The last three items in this category require only brief notice. Marilyn Jurich’s “Solus Solo” (15) is on the subject of solipsism and consists of describing the character traits of Peer Gynt, John Gardner’s Grendel, and the protagonist of the novel Perfume. The remarks on Peer contain clumsy errors in transcriptions of quotations and in the spelling of unfamiliar words. The few judgments concern-ing Peer are drawn from others. No one interested in learning something about or developing a deeper sense of Peer Gynt will profit from reading this essay. For the last two items I here provide all that is specifically relevant to Ibsen in them.
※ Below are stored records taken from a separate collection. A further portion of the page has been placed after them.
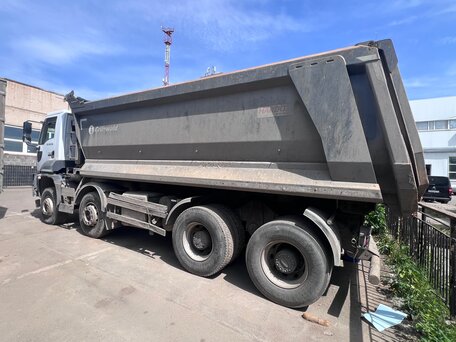 2020 Ford Cargo 41xx, белый, 3690000 рублей, вид 5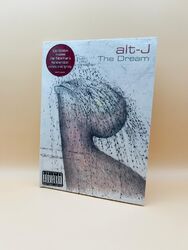 ALT-J - THE DREAM (DELUXE) SOFTBOOK  CD *NEU*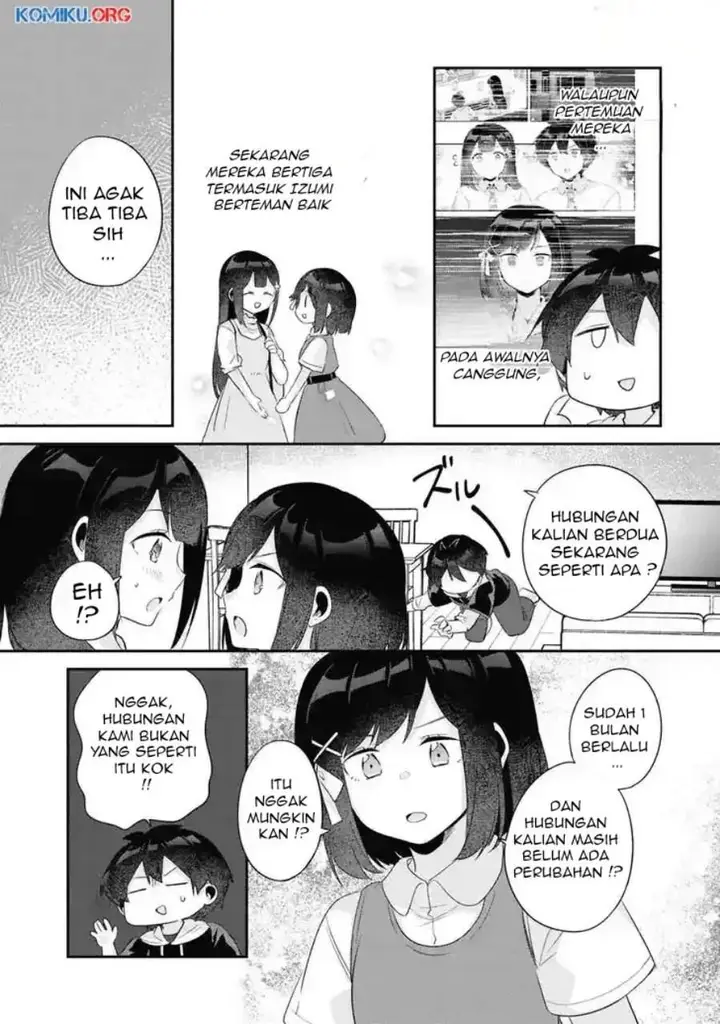image-komik-class-no-bocchi-gal-wo-omochikaeri-shite-seisokei-bijin-ni-shite-yatta-hanashi-chapter-20-8/30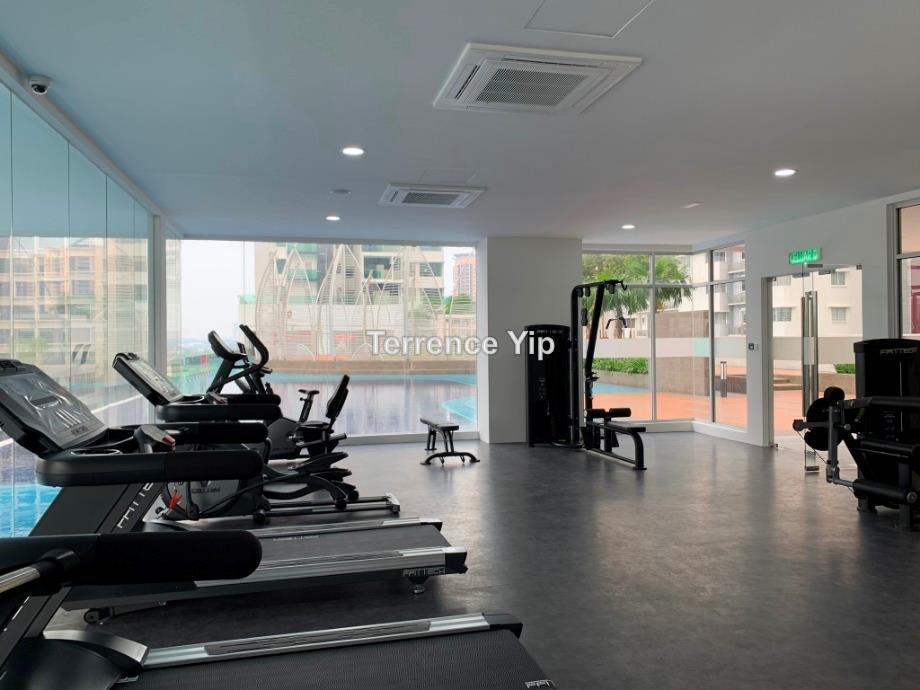 Residensi Servis untuk Dijual di Twin Residences oleh Terrence Yip - iProperty.com.my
In “Under the Sign of the Onion” (16), Rustom Bharucha uses his experience of directing an adaptation of Peer Gynt into one of the many languages of India to discuss the “intracultural negotiations” of his subtitle, but two of his remarks on the play are worth noting. He sees it as “nothing less than a saga of the secular self. Caught between forces of intolerance, fundamentalism, bigotry, and the giddy, irresponsible adventures of global capitalism, the play narrativizes a certain loss of the self, for which (in my interpretation, at least) there is no easy redemption.” Bharucha also observes that “basically—and I trust that my perspective will not be interpreted as cultural chauvinism—I am convinced that the ‘folk’ and epic dimensions of Peer Gynt are largely lost in western adapta-tions, for the critical (and historical) reason that there is no meaningful exposure of the ‘folk’ resources in these cultures, except through the most contrived reconstructions.” Antonio Gramsci, the Italian Marxist theorist, reviewed plays for five years in his twenties, among them a 1917 production of A Doll House (17). Gramsci calls the play a “superior creation of Ibsen’s imagination” that presents Nora’s “deeply moral action of leaving home, husband, and children to find herself, scrutinize her inner depths for the roots of her own moral being, and fulfill the duty we all have to ourselves, before others.” He also notes the play’s “vivid representation of human individuals in suffering and joy, struggling continually to better themselves and improve the moral fibre of their own personalities, both historically and in the world of the present.” But most of his review is devoted to an analysis of why the spectators could not sympathize with Nora’s final action but were instead “stunned and almost disgusted.” The cause of this, he argues, was that they had fully subscribed to the bourgeois moral code against which Nora rebels in order to adopt “a more spiritually human morality.”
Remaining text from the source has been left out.